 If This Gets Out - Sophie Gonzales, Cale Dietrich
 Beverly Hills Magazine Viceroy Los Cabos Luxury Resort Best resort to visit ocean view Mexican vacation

...

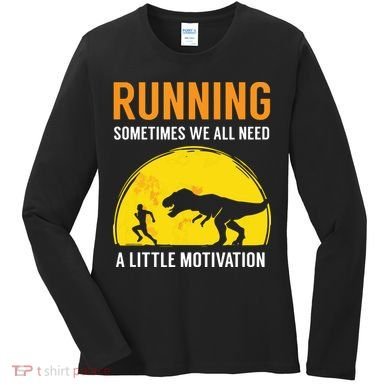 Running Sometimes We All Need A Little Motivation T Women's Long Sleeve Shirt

* Work request
Using only the entries above, output the line with "If This Gets", the line with "Beverly Hills Magazine", and all lines between them, exactly as they stand.

* Answer to this exercise
 If This Gets Out - Sophie Gonzales, Cale Dietrich
 Beverly Hills Magazine Viceroy Los Cabos Luxury Resort Best resort to visit ocean view Mexican vacation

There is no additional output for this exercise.